Among the embassies, Libya’s mission in Ankara recorded the highest expenditure, spending 318.8 million dinars, with an additional 29 million dinars spent by the consulate in Istanbul.
The Tunisian embassy followed, with 143.6 million dinars spent, alongside 13 million dinars allocated to the consulate in Tunis. Other notable figures include 94.5 million dinars for the embassy in London, 91.9 million dinars in Cairo, 55.5 million dinars in Kuala Lumpur, and 51.5 million dinars in Amman.
Despite the considerable financial support provided to Libya’s embassies, corruption scandals have plagued the diplomatic service.
The Office of the Attorney General has issued multiple indictments and detention orders against heads of diplomatic missions, ambassadors, financial controllers, and administrators for embezzlement, document forgery, and abuse of office.

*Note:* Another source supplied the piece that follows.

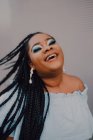 Sorridente giovane donna nera con brillante make-up in off-spalla abito flipping trecce mentre in piedi sulla strada — Foto stock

In January 2024, the acting head of Libya’s mission in Argentina was imprisoned for misuse of authority. Similar cases followed, including the head of the Libyan mission to Belgium in June 2024, who faced charges of illicit financial gains, and the financial controller of the Libyan mission in Kazakhstan in August 2024 for embezzlement of public funds.
One of the most notable corruption cases occurred in September 2024 when three former ambassadors to Ukraine, three embassy officials overseeing health-related matters, and cultural attachés were detained for abuses of power. These high-profile arrests illustrate the systemic issues within Libya’s diplomatic operations, which critics argue have become a breeding ground for corruption and personal enrichment due to the lack of rigorous oversight.
The Libyan Audit Bureau’s latest report underscores these concerns, revealing widespread financial mismanagement in the Ministry of Foreign Affairs. It documented extravagant spending on luxury vehicles for officials, hiring private jets, and irregularities in salaries for embassy staff, including 3,478 employees, of whom 1,923 were diplomats and 1,555 were local hires. This mismanagement raises questions about the priorities of Libya’s foreign ministry and its ability to implement reforms.
Observers have increasingly criticized Libya’s diplomatic service as an avenue for amassing illicit wealth, with embassies operating with little transparency or accountability. Many believe that until comprehensive oversight mechanisms are introduced, the diplomatic corps will remain susceptible to abuse.